As I said, the user will still have to adjust the value in order to
get the best results.  So the dialog should still be there and should
still tell to change the default value to something that is most
appropriate to their system.  But in some cases, the initial value
proposed to the user could be a bit better than 32M.

On a system that has 512M of RAM, proposing an initial value of 32M to
the user can give a bad impression of the Gimp if the users click
"Next" without changing the default value because they want to test
the Gimp quickly.  Proposing an initial value of >400M is more likely
to give good results than 32M.  Of course this initial value may not
be ideal (maybe the user is always running some applications that take
half of the available memory).  The initial guess will never be perfect
but at least it has a chance to be a bit better than 32M in most cases.
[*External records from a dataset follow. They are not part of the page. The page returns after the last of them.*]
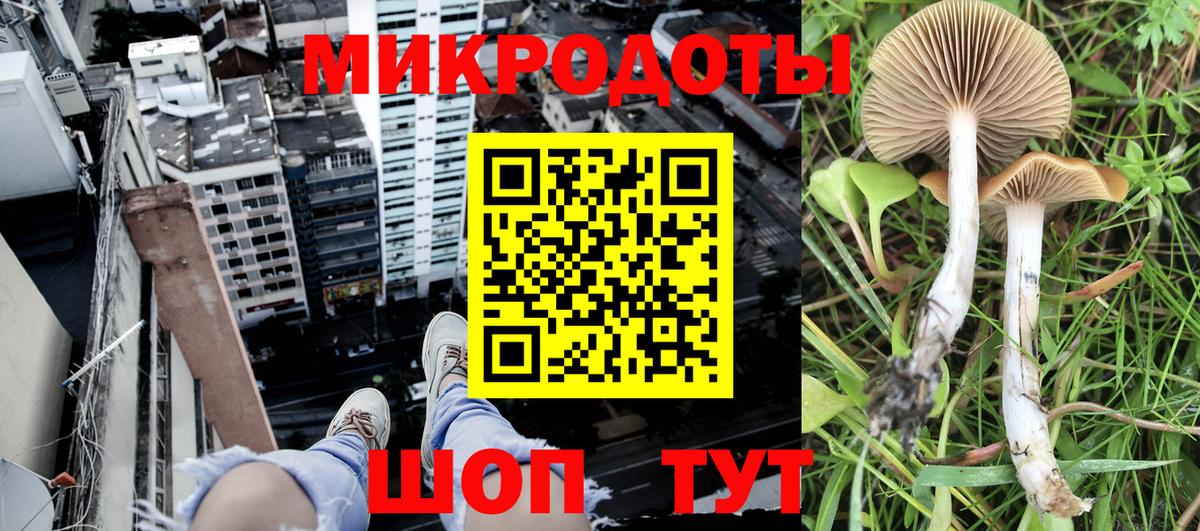 Галлюциногенные грибы MAGIC MUSHROOMS Благовещенск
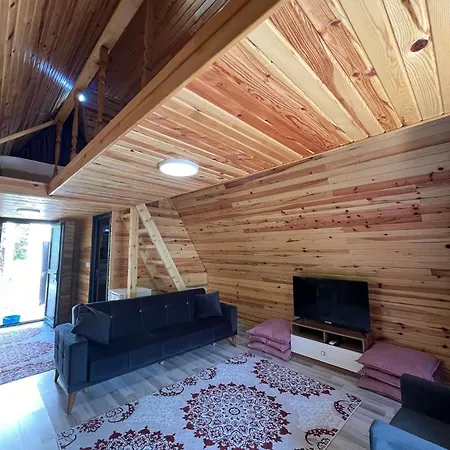 Five Stars Apart 4* 트라존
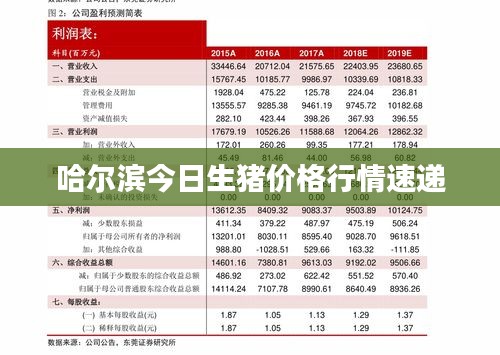 2025年6月7日 第3页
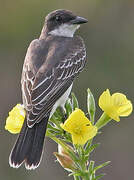 Eastern Kingbird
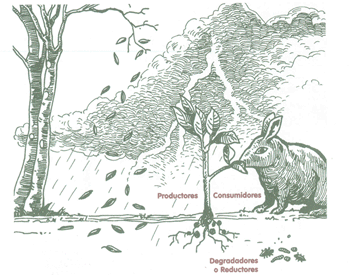 EDUCACI&Oacute;N AMBIENTAL PARA EL TR&Oacute;PICO DE COCHABAMBA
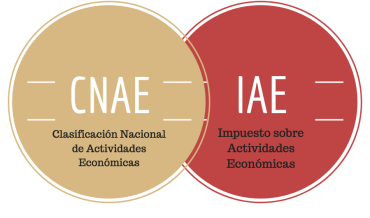 Differences between CNAE and IAE 0 (0)
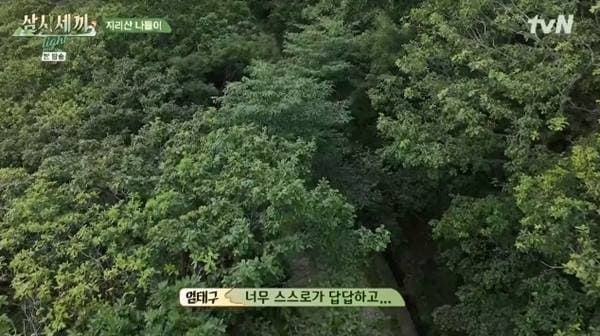 tvN '삼시세끼 라이트'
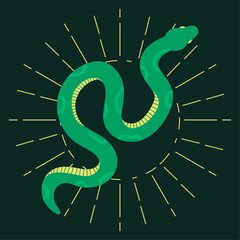 Snake on the background of the sun
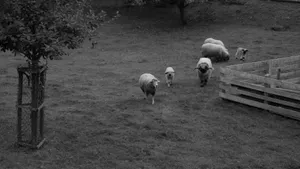 A serene monochrome image of sheep grazing in a fenced pasture area. jigsaw puzzle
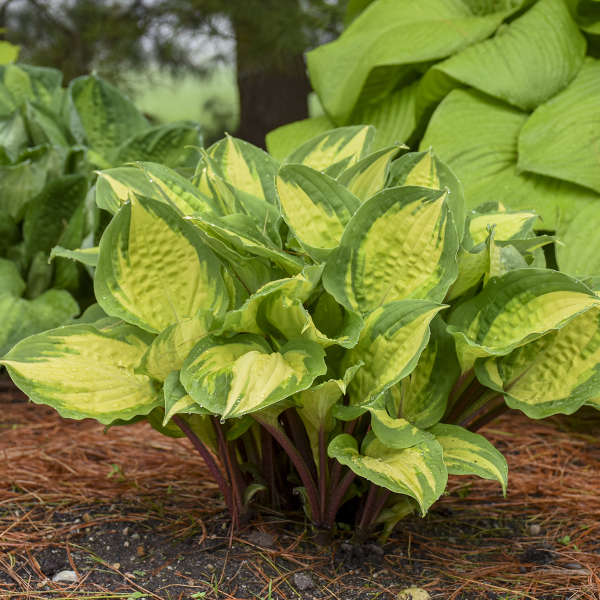 Hosta 'Island Breeze'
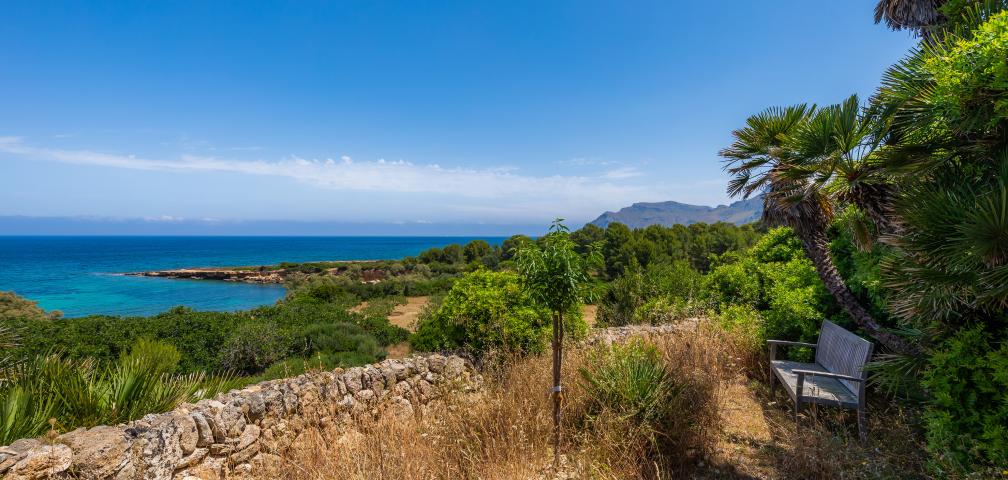 Rural Villa Ses Figueres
 >> /tmp.  I think that the only way to check that automatically is to run
 >> "df" and parse its output.  This is not very elegant, but I cannot
 >> think of a better solution.
 > In some cases, IIRC, /tmp is RAM.

I do not remember any systems that have /tmp as RAM, but some of them
(e.g., default Solaris installations) have /tmp as swap.  In any case,
this is a local resource so this is usually better than a remote (NFS)
file system.  The choice between local resources should still be based
on the available space.

 >> Here is how it could be done: run "df $TMPDIR", "df /tmp" and "df
 >> $HOME".  Ignore the result if "df" fails or if the second line of the
 >> output does not start with "/dev/" (which indicates that the directory
 >> is mounted from another host).  If there is anything left, then use
 >> the directory that has the largest value in the "available" column.
 >> If there is nothing left, then use the old default value.  The user
 >> will still be able to edit it anyway.
 > df? It will vary if the user have installed today, or has been using
 > the machine a lot and is just about to do a clean up. Also, size is
 > not the only important thing, speed too (think two disks, not local
 > and remote).

Again, the user will still have to make the choice.  The user knows
better than the program how the different file systems are or will be
used (the future usage is rather hard to guess for the program...)  If
we had plenty of spare time, we could also integrate a benchmarking
program that compares the access speed of different drives and tries
to choose the optimal configuration.  But I was not suggesting a way
to find the best solution automatically; I simply want to avoid the
worst case (using a remote $HOME when /tmp is local and has plenty of
free space) whenever possible.  This is the same reasoning as for the
default tile cache size.

 > The dialog should point that non obvious details: use a place where
 > you can get more free space if you want, and in a disk that is fast.
 > And where to change them.

Yes, we could suggest to use a place where some space can be freed
easily.  On the other hand, the current text already gives some hints
about how to choose the filesytem (local, with enough space available)
and maybe some users would not read it if it is too long.